Overall, Thrust offers the best performance across all input sizes when compiled in Release mode, while the Efficient GPU Scan provides a solid custom alternative with strong performance at small to mid-range sizes. The CPU scan, although fast for small inputs, follows a linear (O(n)) time complexity and becomes the slowest as input sizes grow.
The plot below shows the runtime performance (in milliseconds) of three different stream compaction implementations as a function of input size (N), ranging from (2^5) to (2^{27}). All tests were conducted using a fixed CUDA block size of 256 and compiled in Release mode to ensure optimal performance.
- For small input sizes ((N < 2^{17})), CPU with Scan actually performs slightly better than pure CPU compaction.
- As input size increases beyond (2^{17}), the runtimes of both CPU variants gradually converge, showing similar linear growth.
- Both exhibit consistent linear growth on the log-log plot, confirming the expected (O(n)) time complexity for serial execution.
- The GPU implementation shows near-constant runtime across small and mid-sized inputs (up to (2^{21})), demonstrating its scalability due to parallel execution and efficient memory usage.
- Beyond (2^{21}), the runtime begins to increase gradually.
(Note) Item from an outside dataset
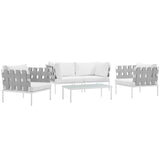 Harmony 5  Piece Outdoor Patio Aluminum Sectional Sofa Set White White EEI-2623-WHI-WHI-SET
This likely reflects:
- The need to process more data in global memory
- Increased number of kernel launches
- Even at (N = 2^{27}), GPU runtime remains well under 50 ms — significantly outperforming the CPU implementations, which exceed 100 ms at that scale.
The bar chart below displays the runtime (in milliseconds) of a work-efficient Blelloch-style GPU scan implementation that operates entirely in global memory. No shared memory or warp-level primitives are used.
- For mid-sized inputs ((2^7) to (2^9)), the scan shows consistently low runtimes (~0.07 ms), indicating effective thread-level parallelism despite global memory latency.
- Noticeable spikes occur at sizes (2^6), (2^{10}), and (2^{12}), where runtime increases by 2–3× compared to neighboring sizes. These performance dips likely stem from:
- Uncoalesced memory access due to thread divergence at these specific sizes
- Extra overhead from partial warp utilization or thread underpopulation in early/late stages of the scan
- Depth-related kernel launches: For (N = 2^{13}), the number of upsweep and downsweep steps increases, amplifying launch and global memory access costs
- The runtime drop at (2^{11}) suggests that thread/block configuration for that size aligns better with the kernel design, temporarily improving efficiency.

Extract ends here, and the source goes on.